* Task objective:
Please write out exactly the lines from the one with "组图：林晖闵庆生众星祝福 大方对郭采洁示爱" through the end of the data below, both ends included, and omit any pictures.

* Source material:
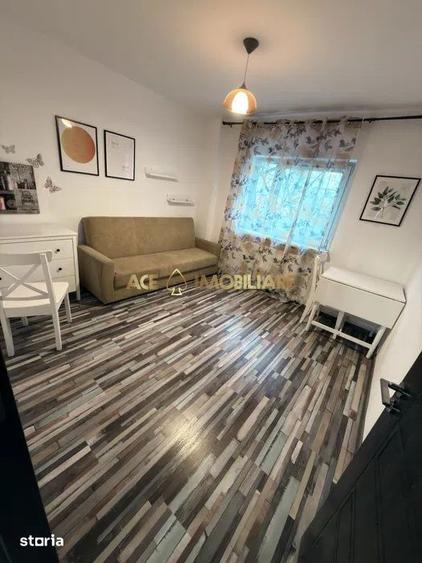 Apartament cu 3 camere, mobilat în Tei
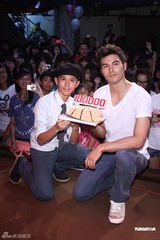 组图：林晖闵庆生众星祝福 大方对郭采洁示爱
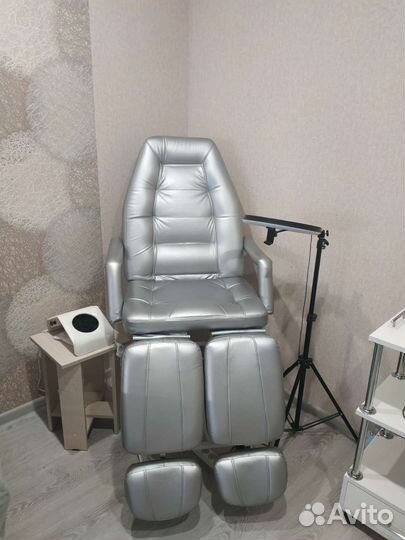 Маникюр, педикюр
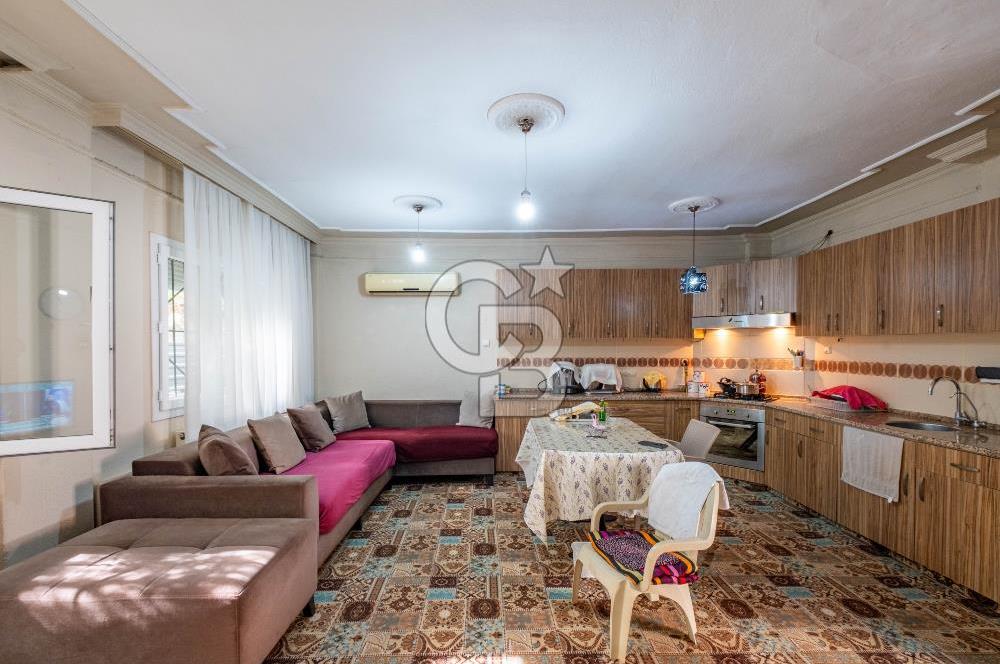 Bornova Point Alışveriş Merkezi Yakını Müstakil Bina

* Exercise answer:
 组图：林晖闵庆生众星祝福 大方对郭采洁示爱
 Маникюр, педикюр
 Bornova Point Alışveriş Merkezi Yakını Müstakil Bina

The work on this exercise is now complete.